───── TASK DATA
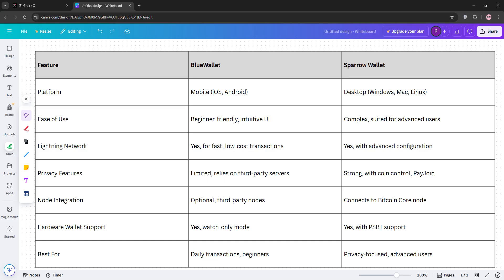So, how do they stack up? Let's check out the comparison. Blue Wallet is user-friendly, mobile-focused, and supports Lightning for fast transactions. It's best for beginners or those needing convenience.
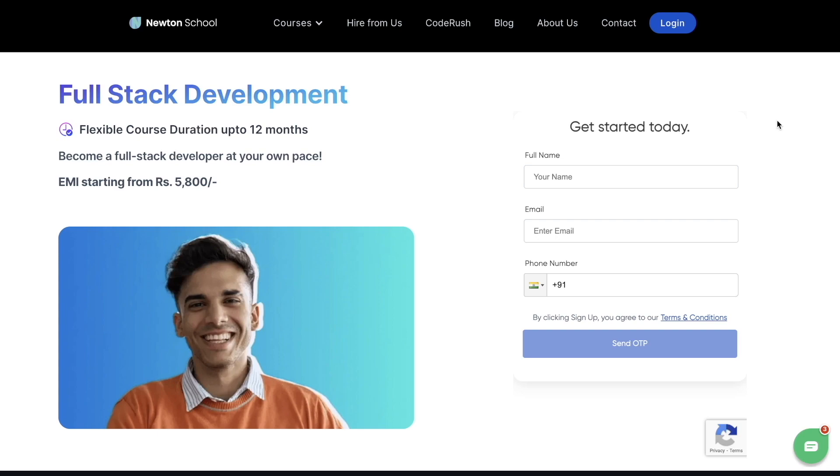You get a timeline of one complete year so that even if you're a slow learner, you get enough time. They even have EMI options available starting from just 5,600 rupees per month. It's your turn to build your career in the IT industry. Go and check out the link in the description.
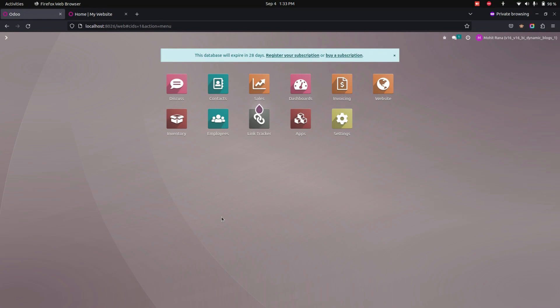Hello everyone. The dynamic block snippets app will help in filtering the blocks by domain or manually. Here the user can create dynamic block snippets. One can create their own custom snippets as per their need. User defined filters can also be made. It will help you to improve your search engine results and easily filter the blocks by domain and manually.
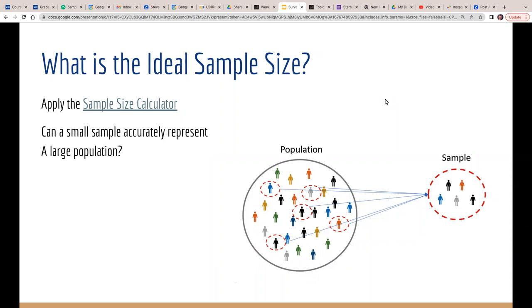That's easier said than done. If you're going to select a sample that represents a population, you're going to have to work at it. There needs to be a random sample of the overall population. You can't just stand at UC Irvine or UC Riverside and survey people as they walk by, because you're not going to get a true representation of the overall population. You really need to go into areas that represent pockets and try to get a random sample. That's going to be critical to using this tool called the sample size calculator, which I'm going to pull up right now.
──────────
───── TASK DATA
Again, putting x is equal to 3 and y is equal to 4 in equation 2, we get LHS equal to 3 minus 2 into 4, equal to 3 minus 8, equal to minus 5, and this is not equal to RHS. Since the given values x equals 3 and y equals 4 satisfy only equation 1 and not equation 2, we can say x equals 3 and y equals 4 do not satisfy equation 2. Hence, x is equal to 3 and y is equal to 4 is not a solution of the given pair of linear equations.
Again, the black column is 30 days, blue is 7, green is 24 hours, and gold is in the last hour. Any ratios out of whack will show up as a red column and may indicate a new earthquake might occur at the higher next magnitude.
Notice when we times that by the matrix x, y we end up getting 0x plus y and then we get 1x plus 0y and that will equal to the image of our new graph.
──────────
───── TASK DATA
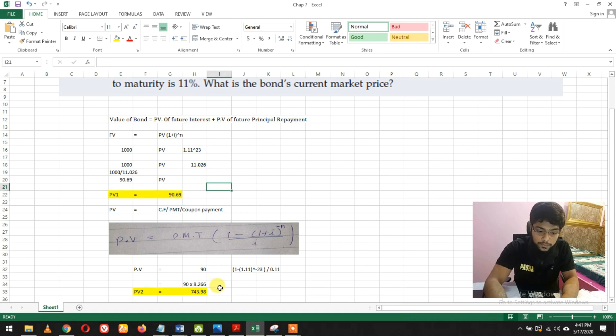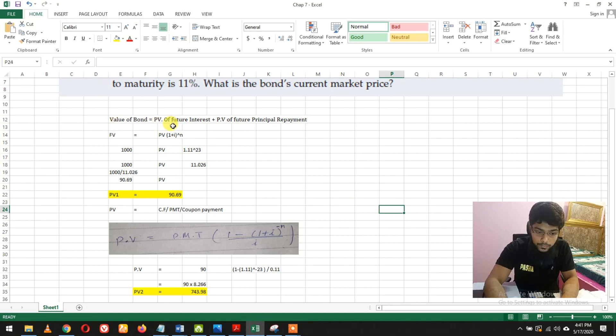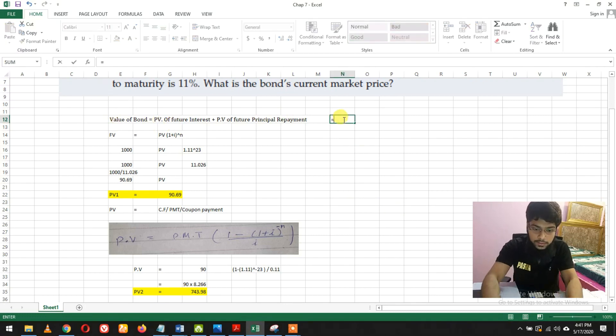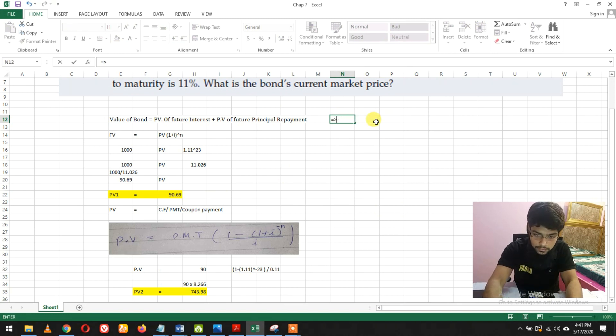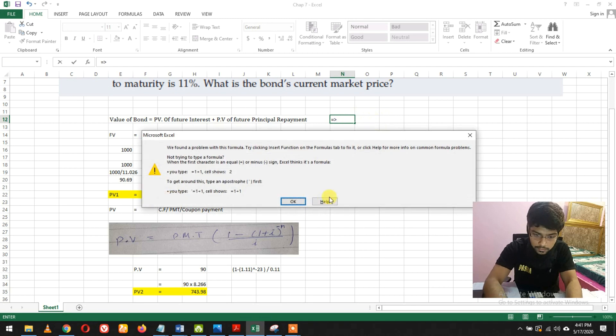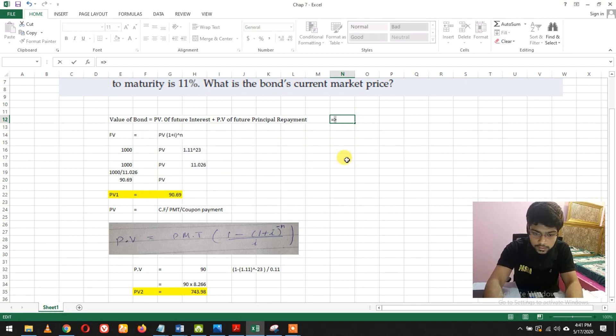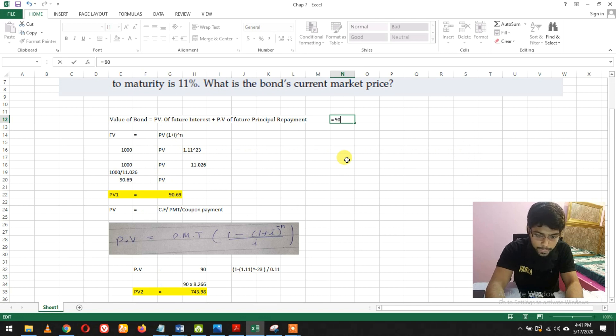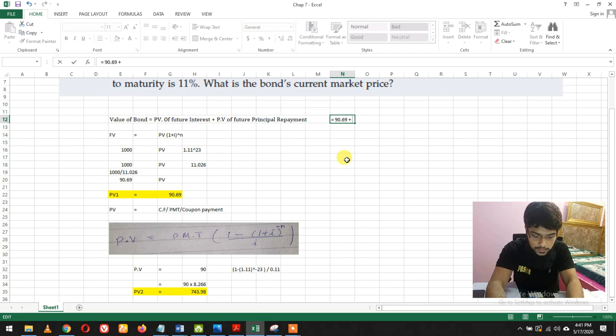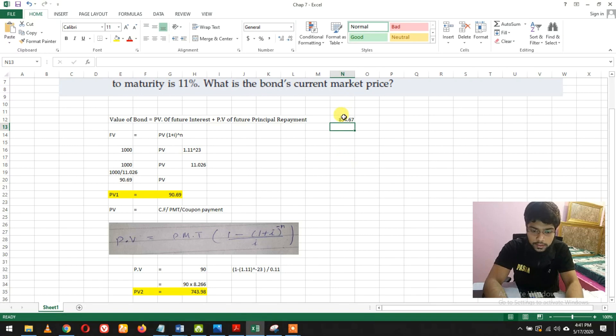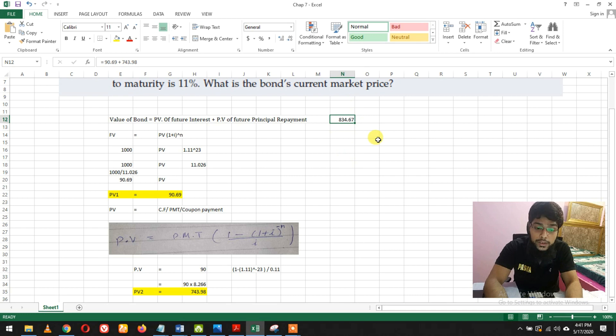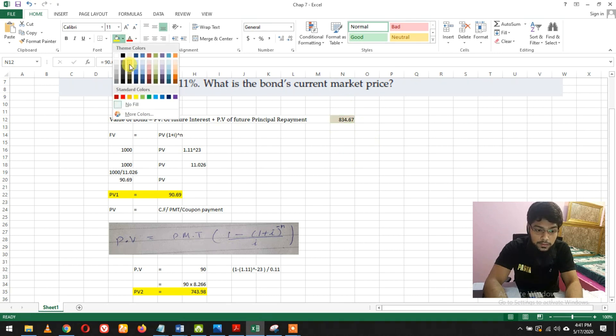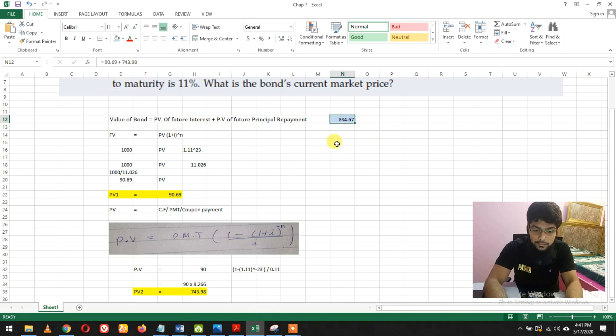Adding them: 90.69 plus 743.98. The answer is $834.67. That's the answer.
──────────
--- WHAT YOU NEED TO DO ---
Give an exact copy of the lines above from the line with "Again, the black" up to and including the line with "Notice when we", and leave everything else out.

--- SOLUTION TO THE PROBLEM ---
Again, the black column is 30 days, blue is 7, green is 24 hours, and gold is in the last hour. Any ratios out of whack will show up as a red column and may indicate a new earthquake might occur at the higher next magnitude.
Notice when we times that by the matrix x, y we end up getting 0x plus y and then we get 1x plus 0y and that will equal to the image of our new graph.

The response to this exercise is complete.